A relação de Lula da Silva Portugal aparece relatada em dois desses telegramas. O primeiro, a 25 de outubro de 2013, onde o embaixador brasileiro em Lisboa enviou um comunicado ao ministério brasileiro dos Negócios Estrangeiros a dar conta da visita do ex-presidente a Portugal, que tinha ocorrido entre os dias 21 e 23 de outubro. Os documentos deixam claro que a visita foi feita a convite da Odebrecht Portugal e revelam reuniões em Lisboa com empresários brasileiros ligados à construtora.

O segundo telegrama trocado entre os diplomatas surge apenas sete meses depois, e nele faz-se uma análise da privatização da EGF. O embaixador brasileiro em Lisboa, Mario Vivalva, sublinhava nessa altura que as brasileiras Odebrecht e Solvi, em parceria com o grupo português Visabeira, demonstravam interesse no negócio, o que tinha gerado “simpatia dos formadores de opinião em Portugal”. Aí referia-se, segundo o Globo, “a ação direta de Lula em favor da Odebrecht”. O diplomata autor do telegrama, citado pelo jornal Globo, realça:

“Repercutiu positivamente na imprensa a recente declaração do ex-presidente Luiz Ináciao Lula da Silva, em entrevista à RTP no dia 27/04, no sentido de que o Brasil se deve engajar mais ativamente na aquisição de empresas estatais portuguesas. O ex-presidente também reforçou o interesse da Odebrecht pela EGF ao primeiro-ministro Pedro Passos Coelho, que reagiu positivamente ao pleito brasileiro.”

A mesma mensagem acabaria por ser transmitida por Lula da Silva numa entrevista que deu à televisão portuguesa, a propósito dos 40 anos do 25 de abril de 1974, onde defendeu uma maior participação das empresas brasileiras nas privatizações conduzidas em Portugal. Nessa altura não se referiu a nenhuma empresa em particular. A 24 de abril o ex-presidente brasileiro reuniu-se com Passos mas, oficialmente, teriam apenas falado da situação económica em geral e das questões relacionadas com o Mundial de futebol que se iria realizar no Brasil.

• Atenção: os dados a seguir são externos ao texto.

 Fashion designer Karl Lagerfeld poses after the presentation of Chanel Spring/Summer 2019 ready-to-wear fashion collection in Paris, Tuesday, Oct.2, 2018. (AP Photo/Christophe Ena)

A privatização da EGF foi ganha no ano passado pelo grupo Mota-Engil. Os brasileiros nem sequer chegaram à fase final que foi disputada entre a empresa portuguesa e a espanhola FCC. O consórcio da Odebrecht acabou por desistir depois de ter visto recusado um pedido para adiar a entrega de uma proposta vinculativa.

Em nota publicada no site, a construtora brasileira nega que o ex-presidente tenha atuado em seu favor e garante que não pagou nada a Lula da Silva em troca de lobby ou tráfico de influências relacionadas com o Instituto Lula.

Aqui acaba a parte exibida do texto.